Cava: Much More Than Cheap Bubbly

Photo credit: Jordi Payà, 2012. Licensed under CC BY-SA 2.0.

Photo credit: Jordi Payà, 2012. Licensed under CC BY-SA 2.0.

Cava is a sparkling wine made according to the traditional method (like champagne). It’s produced all over Spain, but mainly in Catalonia, in the northeast of the country. Currently around 250 producers of cava are delivering roughly 250 million bottles a year, 95% of which come from the region of Penedès. Of those cavas, more than two thirds are popped outside of Spain, exported mainly to other European countries, but also to the US, Japan, Canada, Brazil, China and many others.

Worldwide, Germany is the biggest cava consumer, with over 33 million bottles in 2015. But you’ll never guess which country is the runner-up…. No, not the UK, US, Japan or France, but our tiny, food-and-drinks-loving Belgium, where just over 11 million inhabitants glug more than 30 million bottles of cava a year, thus ranking second in the world, after having overtaken the UK in 2013.

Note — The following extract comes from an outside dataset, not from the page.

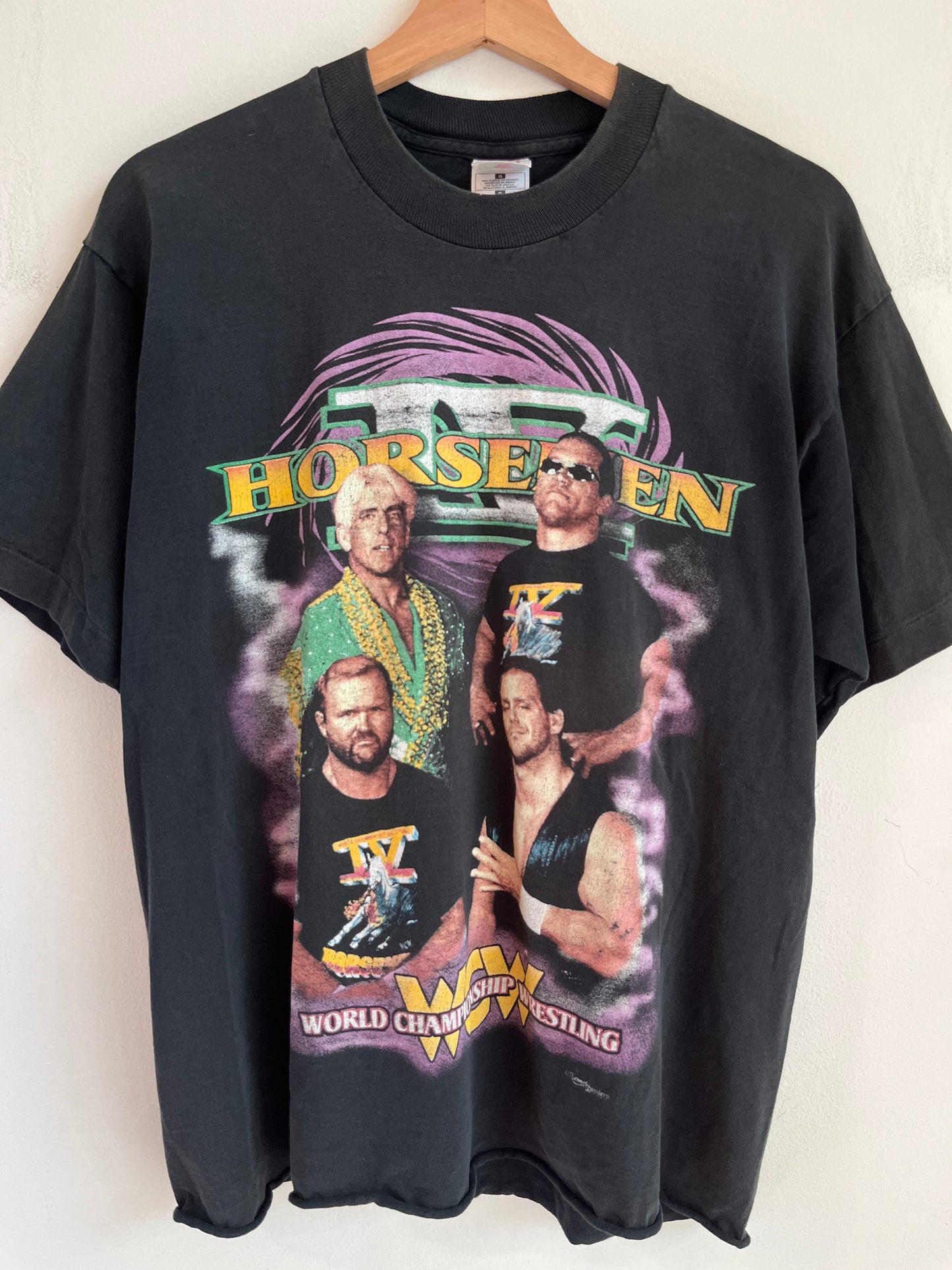 90s WCW Four Horseman Ric Flair Wrestling Cropped Tee (L)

Belgium is a nation of sparkling wine drinkers, and cava is one of the most popular ones. Unfortunately, most of the cava sold and consumed here is of the entry-level, mass-produced, commercial and fairly soulless kind, and as a result, cava’s reputation has suffered, in favour of prosecco and other sparkling wines. By now it’s become hard to convince us that cava can be much more than an everyday supermarket, patio or party bubbly – a cheaper alternative for our beloved champagne.

Yet back home in Catalonia, many wineries focus on producing great, unique and memorable cava. and there are a lot of high-quality ones out there. But we need to understand that cava is not champagne, and it doesn’t have to be. It’s got its own grape varieties, growing conditions and traditions – be they old or new. If we respect that, and – more importantly – if good winemakers persist in improving their product, cava can continue to develop an identity and character of its own.

D.O. Cava, Reserva and Gran Reserva

cava categories - Denominacion de Origen Cava

Cava categories – Denominacion de Origen Cava.

Several milestones have helped to build the foundations for this revival: first, in 1986, the establishment of an official denomination for cava, the D.O. Cava, followed by the introduction of Reserva and Gran Reserva designations.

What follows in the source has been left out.